On my show last night (YaddaYadda on BLAB TV), Becky, my most esteemed co-host, offered an interesting suggestion as an alternative strategy to further my way to my ultimate goal of becoming the next new host on "The View". (Wow, that was a mouthful!)
Anyway, she said I should apply for a reality show. "Apply for Wife Swap!", she said. Immediately, my brain started processing this outside the box idea. I generally love thinking outside the box (but recently I heard it has become passe). I do have a sort of sick interest in "Wife Swap". I know ultimately it has no redeeming qualities. I hate to admit it, but I do actually watch it.
The first image to spring into my head was that of the wife who kept farm animals inside her home and did not cook food. I can't remember if this was also the lady who stored tons of paper products in the shower or if that was someone else... Either way, I'm not real keen on subjecting myself to the craziness of others. Then again there was the wife who spent thousands of dollars a month on clothes, facials, manicures, etc...hummm, now that could be fun.
Let's see... is
Fear Factor still on? Forget it, I can't eat bugs.
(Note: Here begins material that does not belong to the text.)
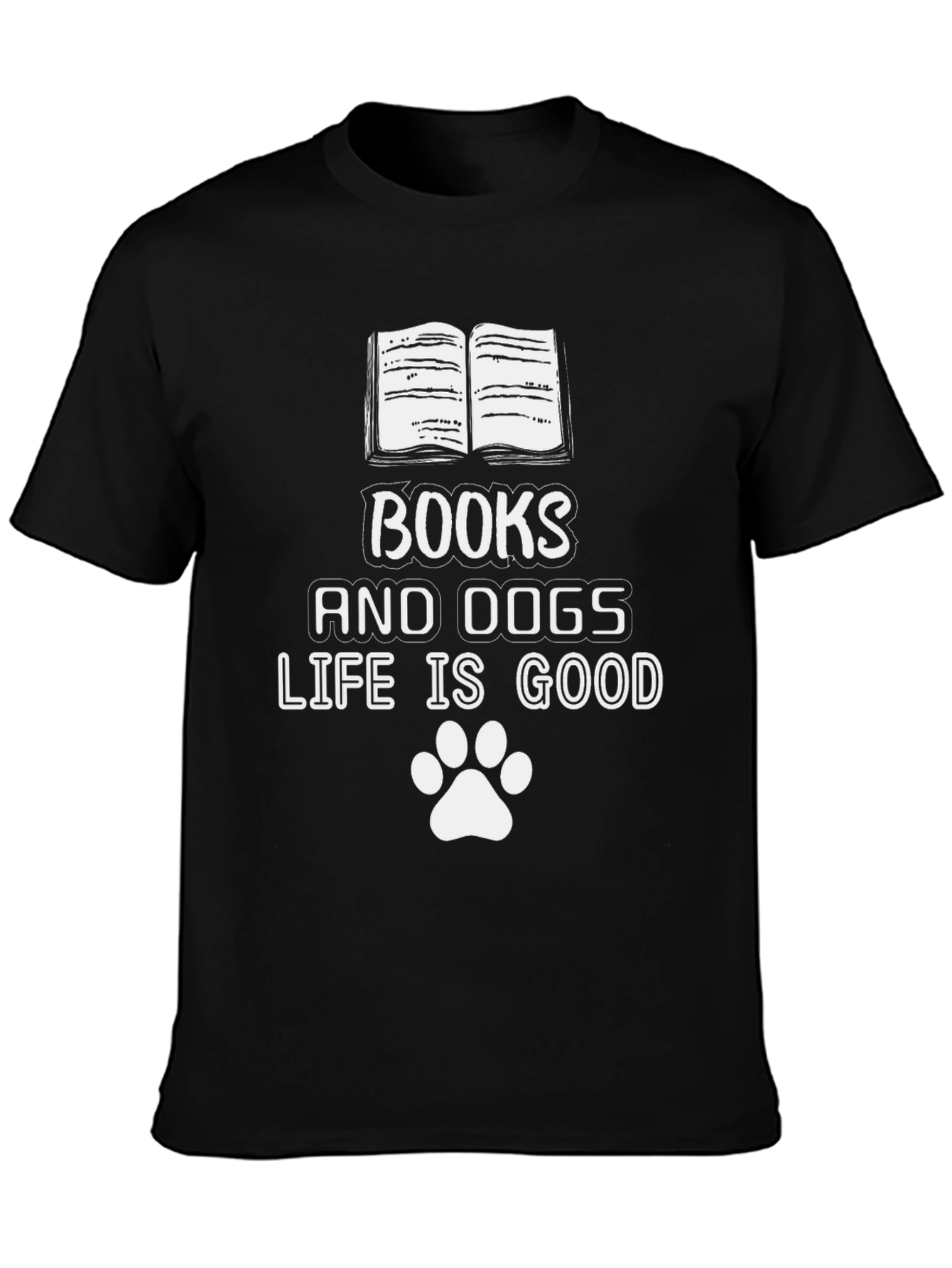 Black Books & Dogs Life Is Good Graphic Tee view 3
Survivor? - Elizabeth Hasselbeck already checked that box.
Big Brother? - I'm not mean enough.
American Idol? - I'm too old. Okay, I can't sing either.
Project Runway? - Can't sew.
What Not to Wear? - Now, this has possibities. I'm sure that there have been times I have dressed inappropriately. Probably even more times that I can imagine. This might just be the ticket. Maybe they can make me View-worthy!